Conclusions Wide variation exists in PCCRC-3yr rates across NHS colonoscopy providers in England. The lowest incidence was seen in colonoscopies performed under the NHS bowel cancer screening programme. Quality improvement initiatives are needed to address this variation in rates and prevent colorectal cancer by enabling earlier diagnosis, removing premalignant polyps, and therefore improving outcomes.



中文翻译:

英国国民健康服务部的《结肠镜检查后结肠直肠癌在不同结肠镜检查提供者之间的差异》:基于人群的队列研究。

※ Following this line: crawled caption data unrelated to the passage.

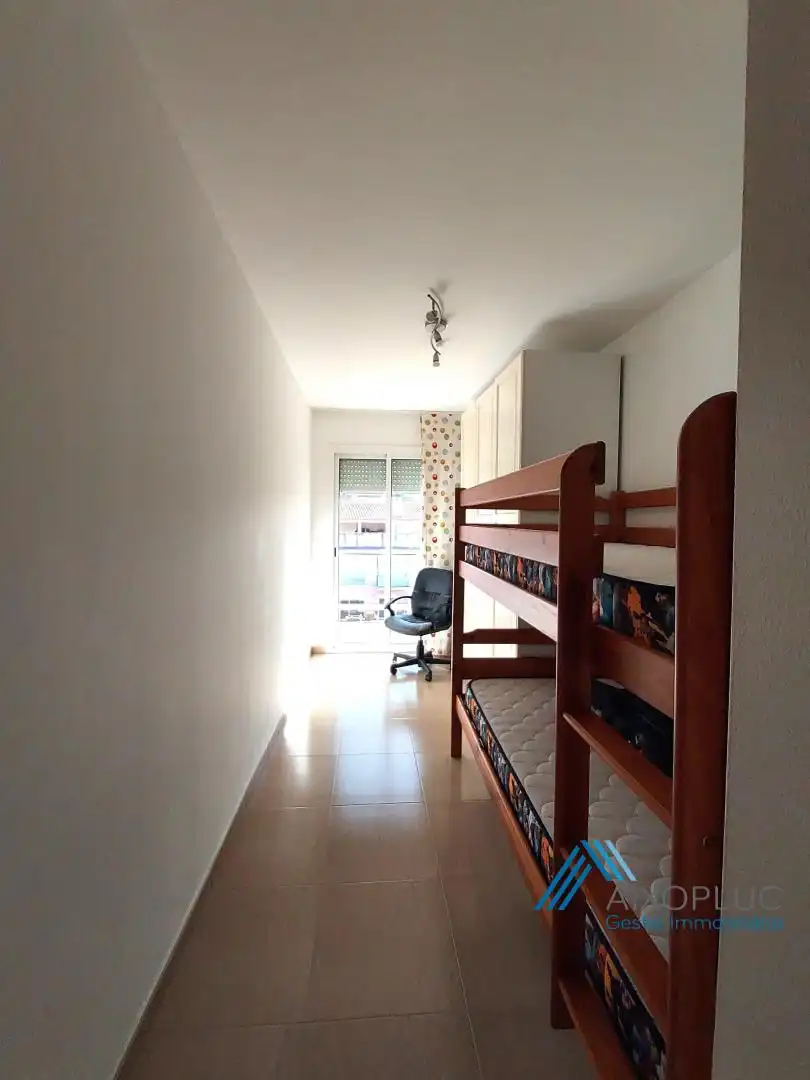 Habitación de Piso en venta en Sant Martí Sarroca con Calefacción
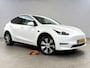 Tesla Model Y Long Range AWD 75 kWh | Snelladen | Autopilot | SOH 90% | Camera | Memory | Pano | Stoel/Stuurverw.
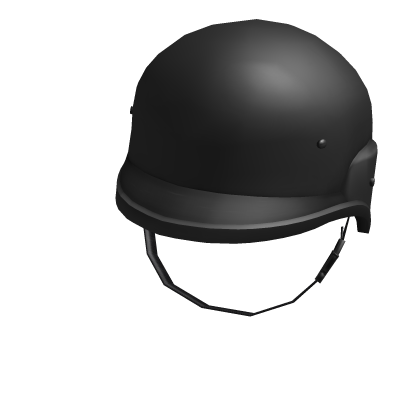 Roblox Helmet Texture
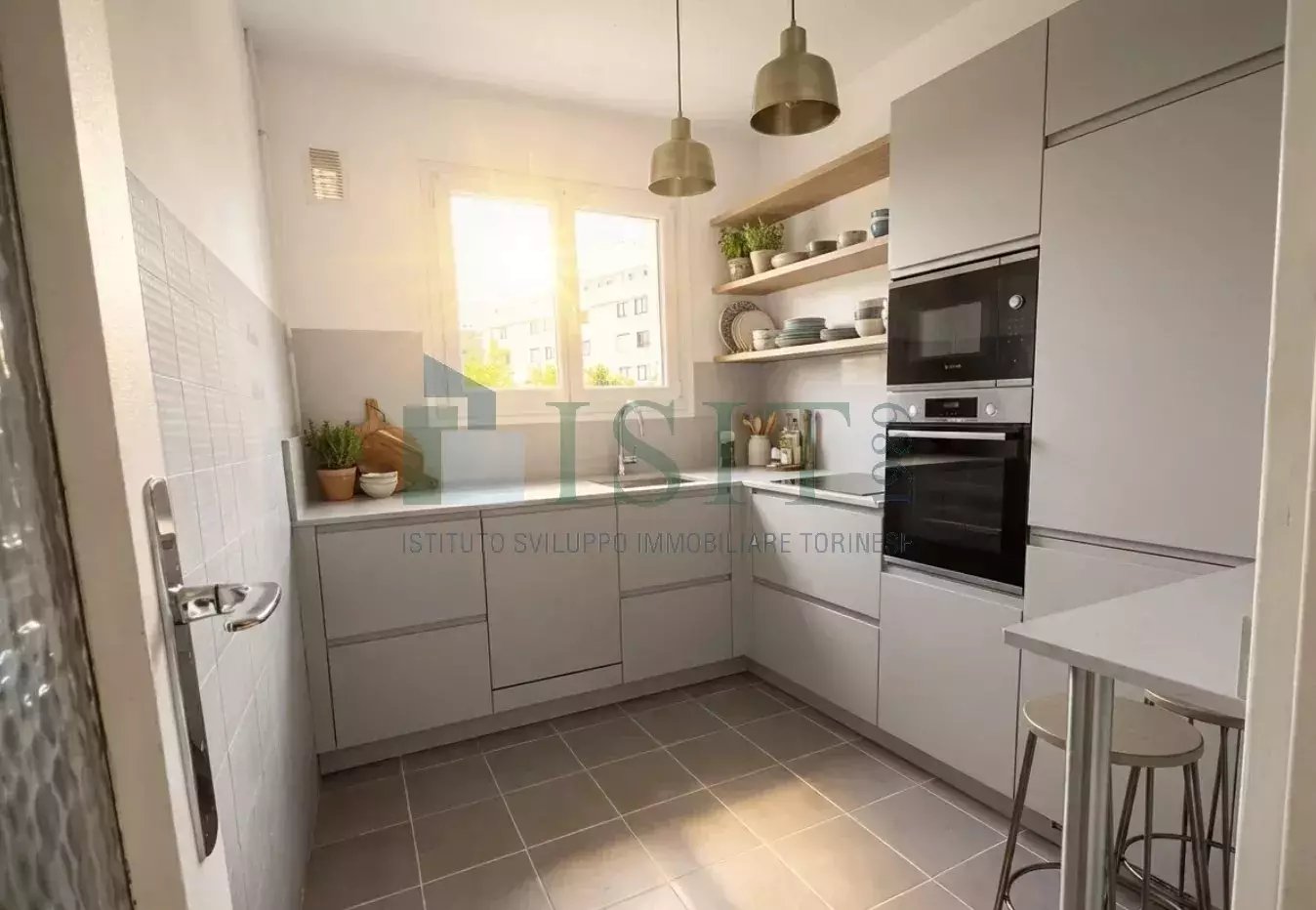 Maison à vendre, 4m², Cannes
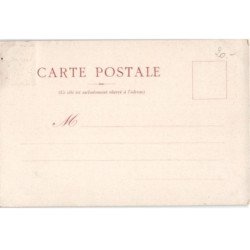 COMPOSITEUR - spectacle et musique: musiciens italiens, V. Bellini, R. Leoncavallo - très bon état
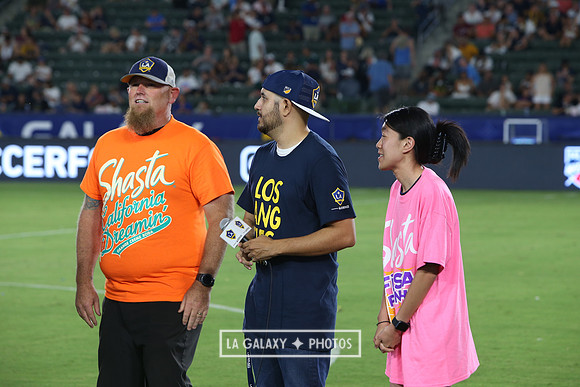 06072018_LAGalaxyvsRSL_GA_2416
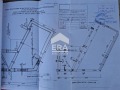 Продава МАГАЗИН, с. Стърмен, област Русе, снимка 6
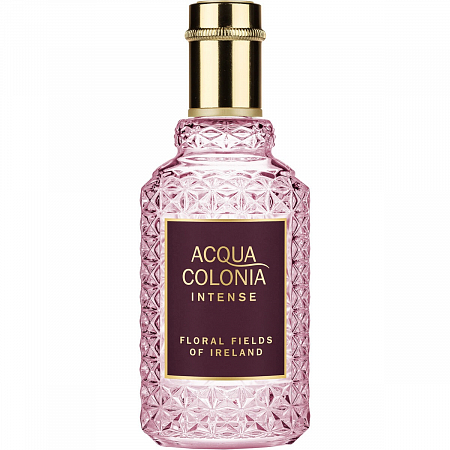 Acqua Colonia Intense Floral Fields of Ireland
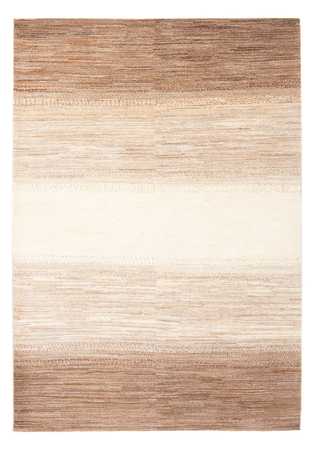 Gabbeh Rug - Perser - 245 x 172 cm - multicolored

目的使用最新的世界内窥镜检查组织指南来量化英格兰的结肠镜检查后结肠直肠癌(PCCRC)发病率,比较结肠镜检查提供者之间的发病率,并探讨可从质量改进计划中受益的相关因素。
设计基于人群的队列研究。在2005年至2013年期间在英国
设置National Health Service。
人口所有接受结肠镜检查并随后在调查后三年内被诊断为患有结肠直肠癌的人(PCCRC-3yr)。
主要观察指标PCCRC发生率的全国趋势(在结肠镜检查的6-36个月内),单变量和多变量分析以探讨与发生相关的因素,漏斗图用于测量提供者之间的差异。
结果未经校正的PCCRC-3yr总体发生率为7.4%(9317/126 152),从2005年的9.0%降至2013年的6.5%(P <0.01)。在NHS肠癌筛查计划下进行结肠镜检查的比率较低(593/16 640,3.6%),而在非NHS提供者进行结肠镜检查的比率较高(187 / 2009,9.3%)。妇女,老年人群,发炎性肠病或憩室病患者,合并症评分较高的患者以及先前患有癌症的患者的发病率较高。调整病例组合后,结肠镜检查提供者之间的比率仍存在较大差异。
结论在英格兰的NHS结肠镜检查提供者中,PCCRC-3yr率存在很大差异。在NHS肠癌筛查计划下进行的结肠镜检查中,发生率最低。需要质量改进措施来解决这种变化率并通过早期诊断,消除恶变前息肉并因此改善结局来预防结直肠癌。